I was a monster boomer, but I only really came back to horror after losing my long-term teaching post and longed for career.  Horror helps you cope with trauma.  It gets a bad rap, but mostly from people who don’t understand its therapeutic value.  I don’t like being scared.  Horror, however, reminds me of that cozy childhood feeling of watching monster movies and knowing when it was over the threat would be gone.  Only it never was.  Not really.  Sleepless nights and their febrile dreams may’ve been triggered by the movies, but the realities happening behind the scenes were their real source.  I couldn’t know that at the time, and most of the time I’m not conscious of it now.  Still, I read books like Be Scared of Everything and I think maybe I’m on the right track.


Learned Ghosts

For one memorable year of what I call a career, I taught at the University of Wisconsin Oshkosh.  One in a series of near misses, this came close to becoming a full-time job.  Apart from a couple of rather humorless colleagues, the department was welcoming and an enjoyable place to be.  I even got to know the dean, now elsewhere, and planned on working on a project with him.  It was a memorable year in many respects.  One was its inherent strangeness.  I was living away from home while teaching there, and saw some odd things on my drives through the Wisconsin countryside.  It also happened to be at Oshkosh that I first discovered H. P. Lovecraft, so the weirdness was, in a word, enhanced.

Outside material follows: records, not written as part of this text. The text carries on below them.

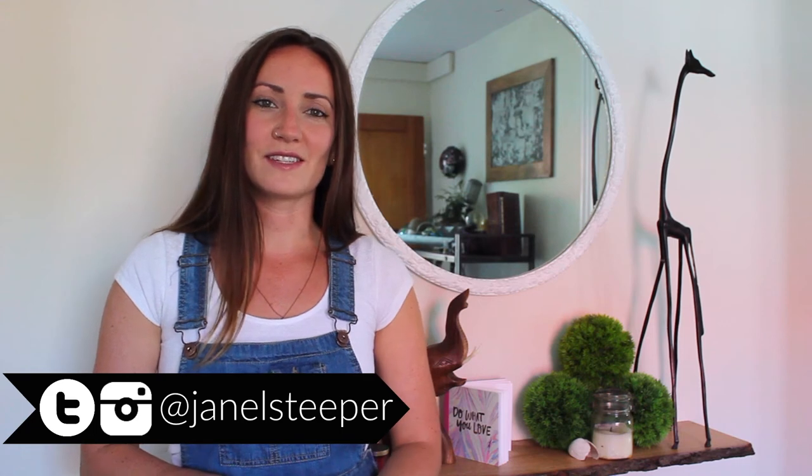I'd love to see what your vintage shirt looks like when you're done — you can show me some photos. Follow me on Instagram and on Twitter at Janelle Steeper and tag me in any of those photos so I can see them. Don't forget to subscribe because next Wednesday I'll be back with a new DIY. Cheers!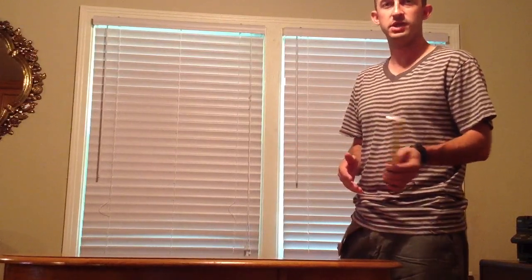Hey, how's it going everybody? This is Ori Patrick with Kings River Blinds of Tulsa. I wanted to make this real quick video to show you how to properly measure a window to custom fit your blind, shade, or shutter.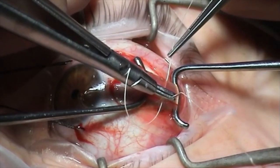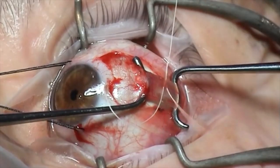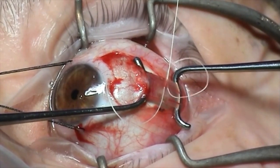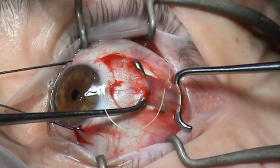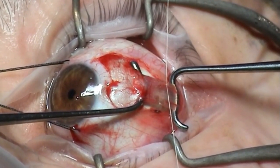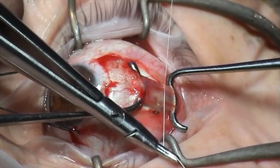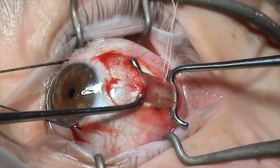Re-grasping the needle and then passing full thickness with the second pass. Note how the suture is slung around the body, not the tip of the needle, to make it easier to re-grasp the needle as it emerges from the muscle. Double throw and then single throws to secure the suture along this superior border.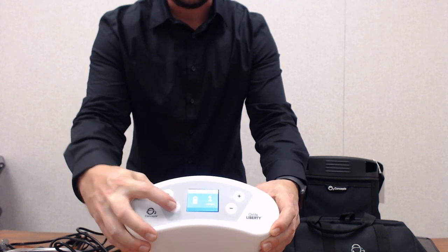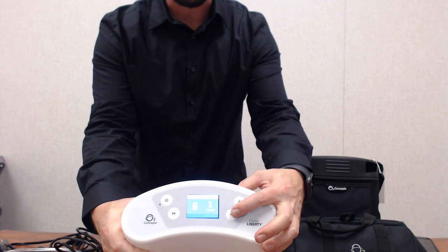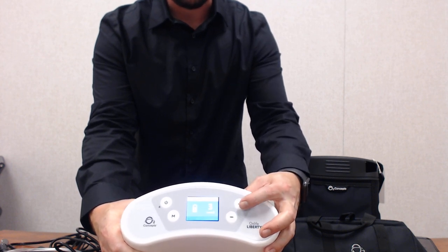To go to pulse dose, hit the mode button and select the pulse option. Use the plus or minus to go up or down — pulse dose ranges from one through nine liters per minute.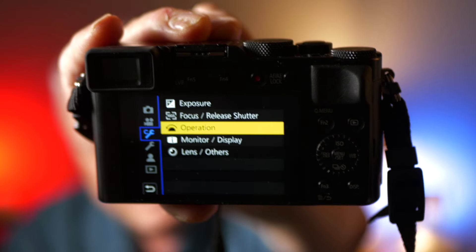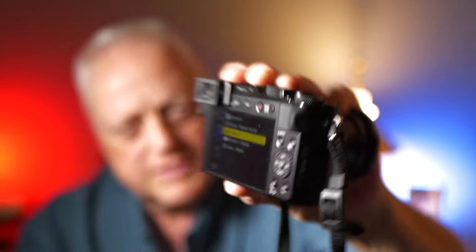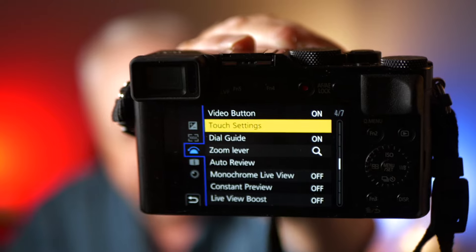Using this LX100 Mark II, if we go into the menu section — let me just hold it up here — we go to the little wrench with the C superscript in front of it, or spanner if you prefer. The little dial says "operation." You want to touch that. And on the LX100 Mark II, the second from the top setting is touch settings. So you want to go into your touch settings.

Students like to tell ghost stories.  A recent article by Jocelyne LeBlanc on Mysterious Universe caught my eye because it tells of students in Oshkosh that live in a haunted dorm.  These kinds of stories are ubiquitous and Oshkosh is in no way singular here.  Students, whose brains haven’t yet ossified, are often open to new experiences.  Most of them, however, don’t possess the research skills to get behind the origins of some such tales.  Sometimes there’s an explanation.  Other times there’s not.  At Grove City College, when I was there, students told of a haunted playing field.  It was the site, it was said, of a former gymnasium.  What made it haunted was the death of a basketball player who’d smashed through a glass gymnasium door during a game and bled out before help could arrive.  It sounds improbable and I never had time to research it.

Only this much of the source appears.